The information handling system 142 may include a processing unit 144 including at least one processor, a monitor 146 , an input device 148 (e.g., keyboard, mouse, etc.), and/or computer media 150 (e.g., optical disks, magnetic disks) that can store code representative of the methods described herein. The information handling system 142 may act as a data acquisition system and possibly a data processing system that analyzes information from the formation testing tool 101 . For example, the information handling system 142 may process the information from the formation testing tool 101 for determination of fluid contamination. The information handling system 142 may also determine additional properties of the fluid sample (or reservoir fluid), such as component concentrations, pressure-volume-temperature properties (e.g., bubble point, phase envelop prediction, etc.) based on the fluid characterization. This processing may occur at the surface 120 in real-time. Alternatively, the processing may occur downhole hole or at the surface 120 or another location after recovery of the formation testing tool 101 from the wellbore 104 . Alternatively, the processing may be performed by an information handling system in the wellbore 104 , such as the fluid analysis module 138 . The resultant fluid properties may then be transmitted to the surface 120 , for example, in real-time.

It should be noted that in examples a gas chromatographer 152 may be disposed on the surface 120 and analyze samples captures by the formation testing tool 101 . For example, the fluid analysis module 138 may capture fluid samples and bring them to the surface 120 for analysis at the wellsite. As illustrated, the gas chromatographer 152 may be a standalone assembly that may be available at the wellsite. Additionally, the information handling system 142 may be connected to the gas chromatographer 152 through the communication link 140 .
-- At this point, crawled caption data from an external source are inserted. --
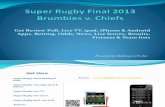 2013 Super 15 Rugby Final Apps for iPad, iPhone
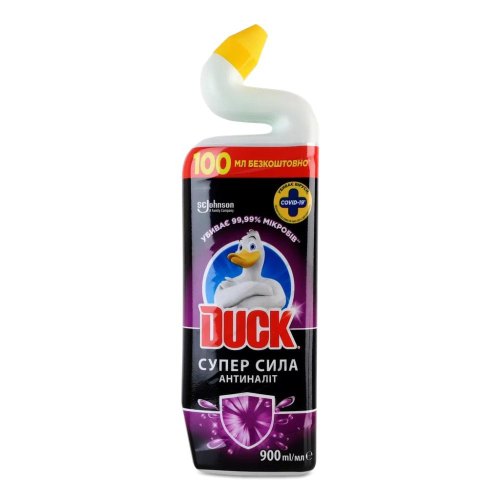 Засіб для чищення унітазу Duck Суперсила Антиналіт, 900мл (5000204267693)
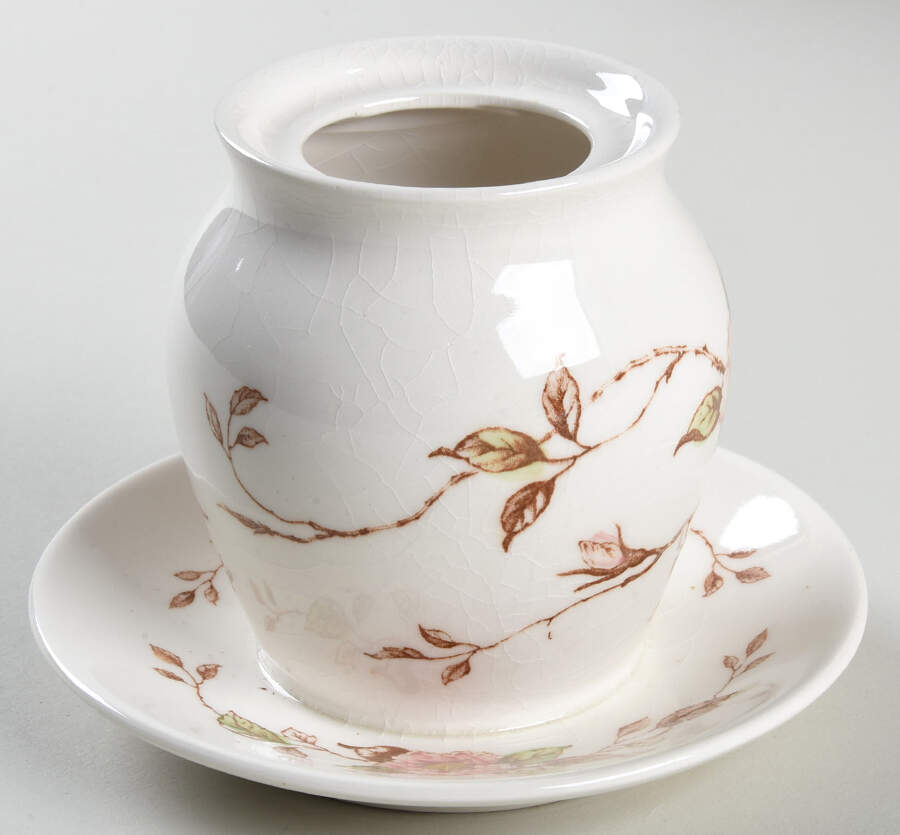 Springtime Jam/Jelly w/Attached Underplate No Lid by Nasco (Japan)-1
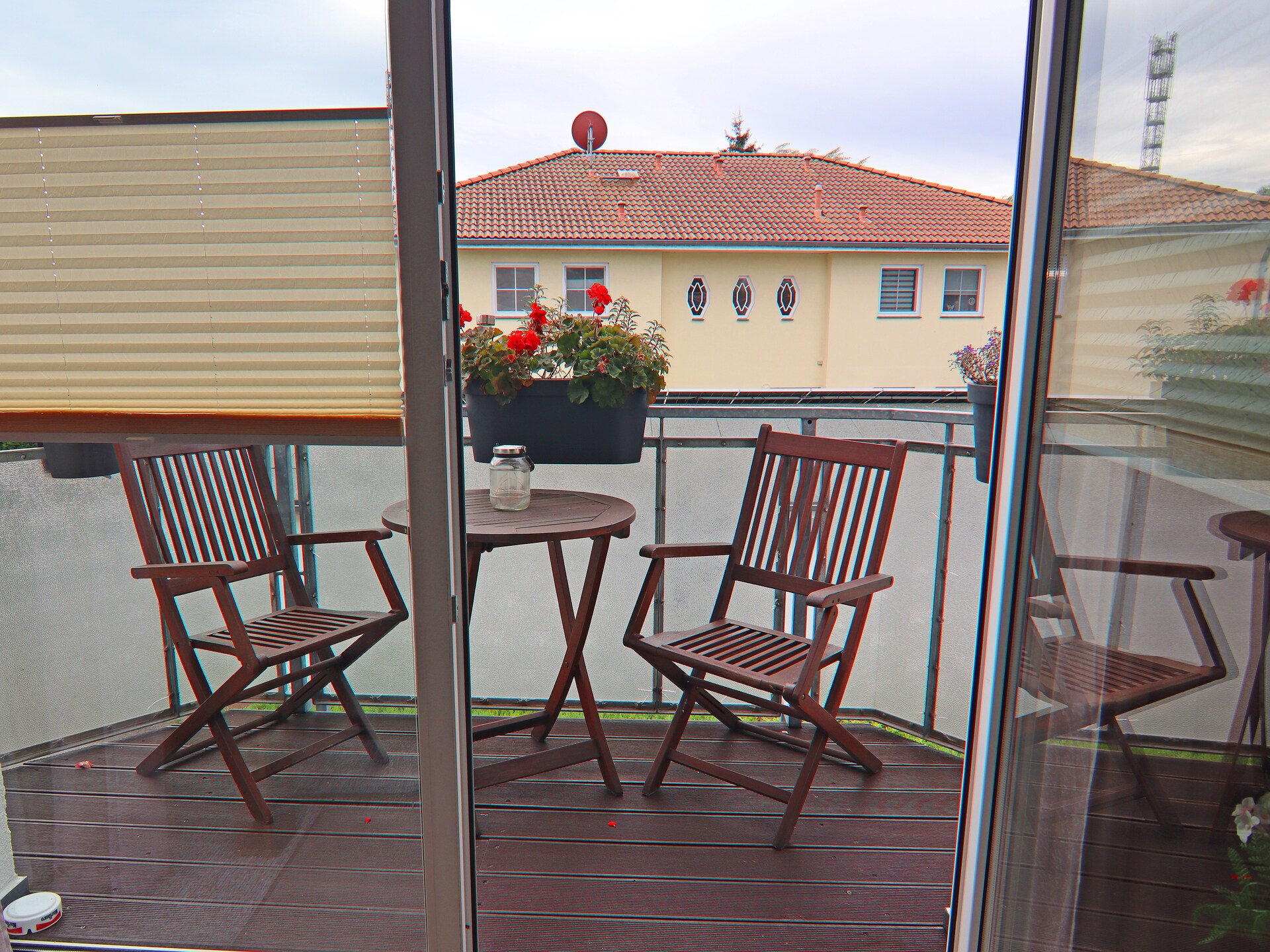 Licht appartement met balkon en elektrisch bed, 900m van het strand van Zinnowitz - foto 12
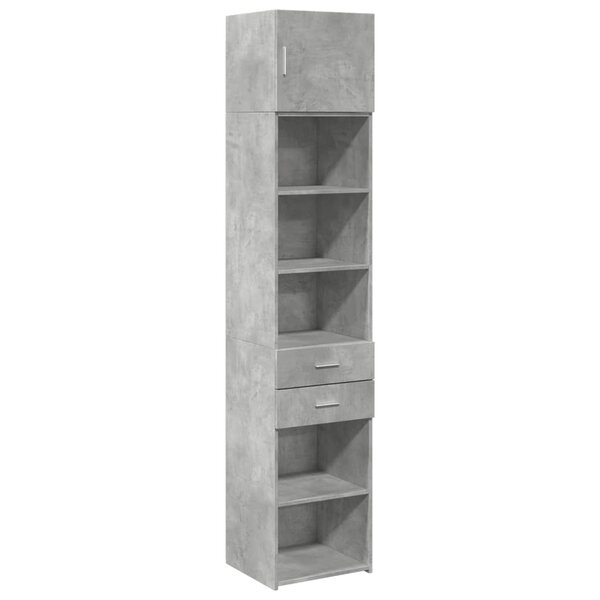 vidaXL Armoire de rangement mince gris béton 45x42 5x225 cm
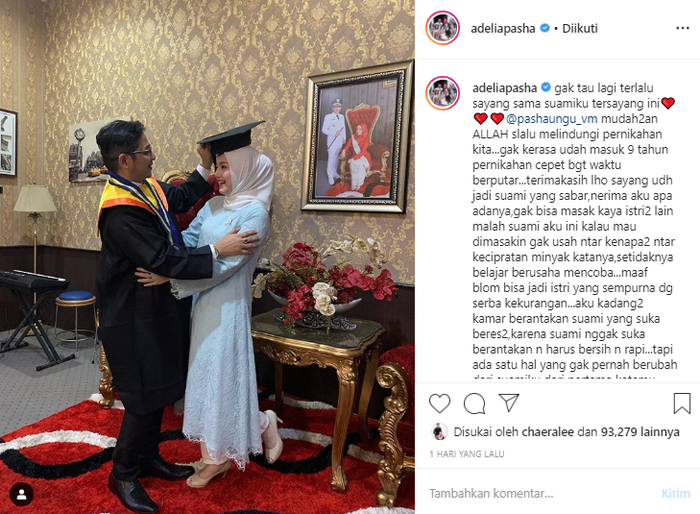 9 Tahun Dinikahi Pasha Ungu, Adelia mengaku masih miliki kekurangan tidak bisa memasak.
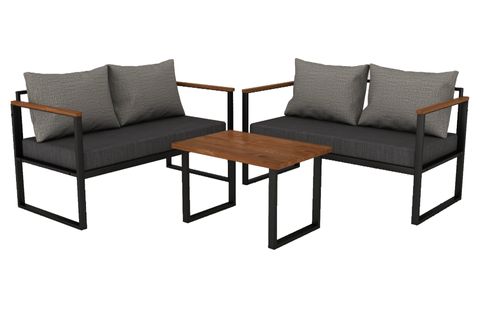 WOODESK NATURE İKİLİ BAHÇE TAKIMI, GRİ, CPT5508-130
In certain embodiments, the pump 124 may be electrically coupled to a controller in the information handling system 142 that directs the operation of the pump 124 . The controller sends one or more control signals to the pump 124 to control the speed/torque output of the pump 124 . The control signals may take whatever form is necessary to communicate with the pump 124 . For instance, a control signal to an electric pump may comprise an electrical control signal to a variable frequency drive coupled to the electric pump, which may receive the control signal and alter the operation of the electric pump based on the control signal. In other embodiments, some or all of the functionality associated with the controller may be located on the pump 124 such that the pump 124 may have an individual controller that directs the operation of the pump 124 .

In a measurement-while-drilling or logging-while-drilling environment, such as that shown in FIG. 1 , the formation testing tool 101 includes two power sources, a battery and a mud turbine or generator. As such, the BHA can further comprise one or more rechargeable batteries. Further, the generator is powered hydraulically by the flow of fluid through the drillstring 102 . For example, while passing through the BHA, the flow of drilling fluid can be channeled through a turbine/alternator sub-assembly included in BHA (not specifically shown in FIG. 1 ). The turbine/alternator sub-section can be configured to convert the energy from the flow of drilling fluid into a mechanical rotational energy, which is turn can be used to drive an alternator portion of the sub-assembly, and thereby generate electrical power. The generated electrical power may then be conditioned and controllably applied to the formation testing tool 101 . Control of which power source is being used for the power applied to the formation testing tool 101 can be performed from the surface 120 using the information handling system 142 . In addition, or in the alternative, control of the power applied can be performed using one or more processors or controllers in the formation testing tool 101 . Alternatively, the formation testing tool 101 may only include one power source that includes the one or more batteries.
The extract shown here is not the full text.